# WHAT THE EXERCISE ASKS
Copying exactly, give the lines in the material below from the one with "High quality pin,slide" to the one with "Weekend by Maxmara", ends included, and nothing besides.

# DATA IN THIS EXERCISE
= = = = = = =

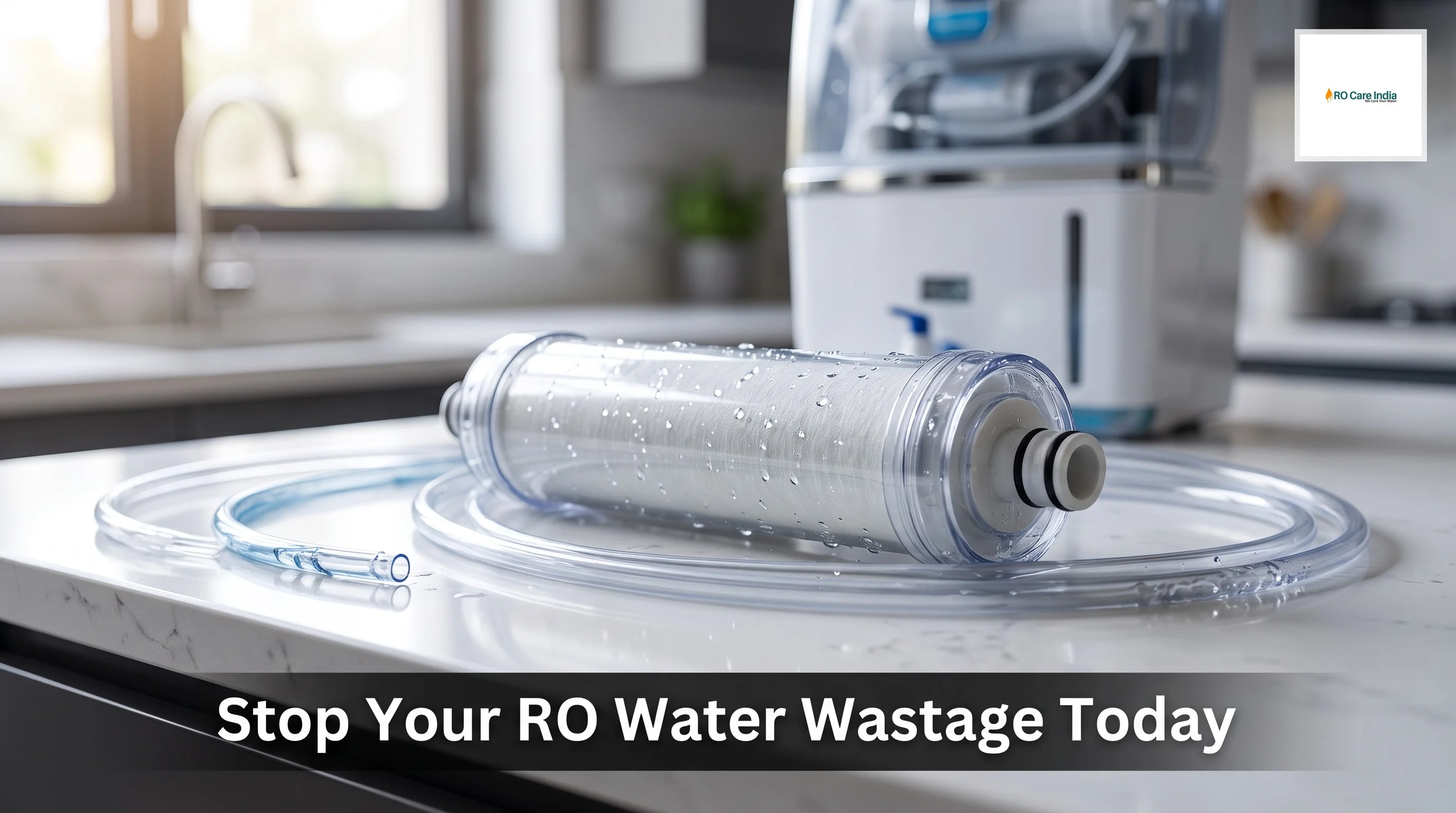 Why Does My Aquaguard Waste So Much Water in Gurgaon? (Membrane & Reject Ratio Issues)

= = = = = = =

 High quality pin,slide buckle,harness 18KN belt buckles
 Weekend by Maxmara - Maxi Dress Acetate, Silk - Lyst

= = = = = = =

# REPLY
 High quality pin,slide buckle,harness 18KN belt buckles
 Weekend by Maxmara - Maxi Dress Acetate, Silk - Lyst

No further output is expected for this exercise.